Engineering Contradictions & Design Principles
Engineering Contradiction Analysis
1Device complexity
If electricity demand prediction is performed on the basis of the amount of electricity used by a whole plant, then the prediction process is simple, but the prediction accuracy is low and cannot adapt to changes in production schedule or device actions
Solution Approach 1:
The patent segments the electricity demand prediction by dividing the plant into multiple devices and further dividing each device's prediction by product type. Instead of predicting total plant electricity usage as a single aggregate value, the system creates separate electricity amount calculation models for each device-product combination, then sums these segmented predictions to obtain the total predicted electricity demand. This segmentation enables the prediction to adapt to changes in specific devices or product mixes while maintaining manageable model complexity.
2Measurement precision
If the accuracy of electricity demand prediction is increased by considering device-specific data and production schedules, then the prediction adapts to changes, but the system complexity increases
Solution Approach 1:
The patent creates a universal electricity amount calculation model template that can be applied to any device-product combination. The model structure remains consistent across all devices, using the same mathematical framework that relates electricity consumption to production volume and product type characteristics.
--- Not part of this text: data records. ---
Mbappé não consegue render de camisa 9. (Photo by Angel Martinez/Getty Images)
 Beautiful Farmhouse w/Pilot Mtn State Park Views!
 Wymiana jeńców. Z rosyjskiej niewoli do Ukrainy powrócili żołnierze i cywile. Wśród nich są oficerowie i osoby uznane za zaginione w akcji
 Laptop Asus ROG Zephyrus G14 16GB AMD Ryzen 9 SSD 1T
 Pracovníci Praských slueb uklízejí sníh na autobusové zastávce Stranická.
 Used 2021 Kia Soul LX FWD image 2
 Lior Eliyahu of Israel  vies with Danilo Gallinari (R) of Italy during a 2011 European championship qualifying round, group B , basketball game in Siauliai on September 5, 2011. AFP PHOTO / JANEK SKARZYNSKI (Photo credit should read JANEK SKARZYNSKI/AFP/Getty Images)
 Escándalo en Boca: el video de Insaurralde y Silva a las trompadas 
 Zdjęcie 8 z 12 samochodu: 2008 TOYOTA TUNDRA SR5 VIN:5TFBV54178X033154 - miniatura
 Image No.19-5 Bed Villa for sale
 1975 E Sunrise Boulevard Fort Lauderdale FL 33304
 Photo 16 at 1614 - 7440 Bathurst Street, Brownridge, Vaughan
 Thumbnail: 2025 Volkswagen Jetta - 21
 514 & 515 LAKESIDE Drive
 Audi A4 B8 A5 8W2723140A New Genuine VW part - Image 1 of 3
This universality allows the system to handle multiple devices and product types without proportionally increasing system complexity, as the same model logic is reused across different contexts.
Solution Approach 2:
The system manages complexity by changing parameters rather than structure. The electricity amount calculation model uses variable parameters such as production volume, product type identifiers, and device-specific coefficients that can be adjusted without altering the fundamental model architecture. When production schedules change or new devices are added, the system updates parameter values rather than redesigning the prediction framework, thereby maintaining relatively low system complexity while achieving high prediction accuracy.
3Quantity of substance
If electricity demand is predicted using conventional whole-plant data, then the prediction covers total usage, but it cannot effectively reduce non-utility generation and contract electricity demand due to large differences between predicted and actual values
Solution Approach 1:
The system incorporates feedback mechanisms by using actual electricity usage data from each device and product type to continuously refine and update the electricity amount calculation models. The model creation process utilizes historical actual values to calibrate prediction coefficients, and the system can update models based on deviations between predicted and actual consumption patterns. This feedback loop significantly improves prediction reliability while maintaining comprehensive coverage of total electricity demand.
Data Source
AI summary
An electricity demand prediction system includes electricity usage data collection means, production schedule storage means, model creation means, and short-term electricity demand prediction means. The electricity usage data collection means collects electricity usage data of each device and causes electricity usage data storage means to store the collected electricity usage data. The model creation means creates an electricity amount calculation model of each prescribed product type for each device on the basis of the electricity usage data stored in the electricity usage data storage means and a past production schedule stored in the production schedule storage means. The short-term electricity demand prediction means computes future electricity demand for each device on the basis of the electricity amount calculation model created by the model creation means and a future production schedule stored in the production schedule storage means.